Per i reattori a fusione lo studio del danneggiamento da neutroni veloci sui materiali che si prevede saranno utilizzati, verrà effettuato mediante la facility IFMIF. Di questa complessa facility è attualmente in corso la progettazione, ma non è stato ancora stipulato l’accordo internazionale necessario per la sua realizzazione. I componenti della centrale elettronucleare dimostrativa saranno poi provati a piena scala nel reattore DEMO. Ci vorranno però svariati anni di funzionamento di DEMO prima di avere elementi sufficienti sul danneggiamento dovuto all’esercizio del reattore.

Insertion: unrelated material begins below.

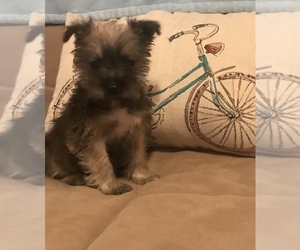 Schnauzer (Miniature) Puppy for sale in BELDEN, MS, USA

In complesso i problemi di durata dei materiali utilizzati nell’isola nucleare dei reattori a fusione appaiono piuttosto seri. Come possibile soluzione di questi problemi si pensa di ricorrere con appositi interventi manutentivi alla sostituzione delle parti che risultino gravemente danneggiate. Dato l’ambiente radioattivo, tali interventi andranno effettuati mediante appositi robot, con opportuno controllo a distanza. Questi interventi sono stati previsti in ITER, che disporrà pertanto delle necessarie apparecchiature. Le caratteristiche di impianto di ricerca di ITER consentiranno, senza troppe difficoltà, manutenzioni straordinarie di questo tipo. Assai più complessa appare invece questa azione di sostituzione di parti di impianto nelle centrali elettronucleari commerciali a fusione.
Un’ultima considerazione. Il tempo necessario per la messa a punto di tutte le conoscenze fisiche e tecnologiche indispensabili per la progettazione e la costruzione della prima centrale elettronucleare a fusione dimostrativa è ancora molto lungo. La costruzione di ITER è prevista concludersi tra 10 anni, nel 2019. Occorreranno poi almeno 15 anni di effettiva sperimentazione su ITER (e in parallelo su IFMIF), per possedere tutte le conoscenze necessarie per la progettazione di DEMO. Nel 2034 potrà quindi iniziare la costruzione di DEMO, che richiederà 10 anni. Saranno poi necessari almeno 10 anni di sperimentazione su DEMO per ritenere sufficientemente qualificate tutte le conoscenze per la progettazione e la costruzione di una centrale elettronucleare dimostrativa a fusione. Solo nel 2054, tra 45 anni, potrà iniziare la realizzazione di tale centrale dimostrativa. E ciò a condizione che questi assai complessi programmi di ricerca e sperimentazione raggiungano gli obiettivi nei tempi previsti, non subendo alcun ritardo per difficoltà di finanziamento. E a condizione anche di riuscire ad elevare il guadagno energetico Q del plasma della centrale elettronucleare ad un valore quattro o cinque volte superiore al valore massimo di Q = 10 che sarà raggiunto nella sperimentazione su ITER.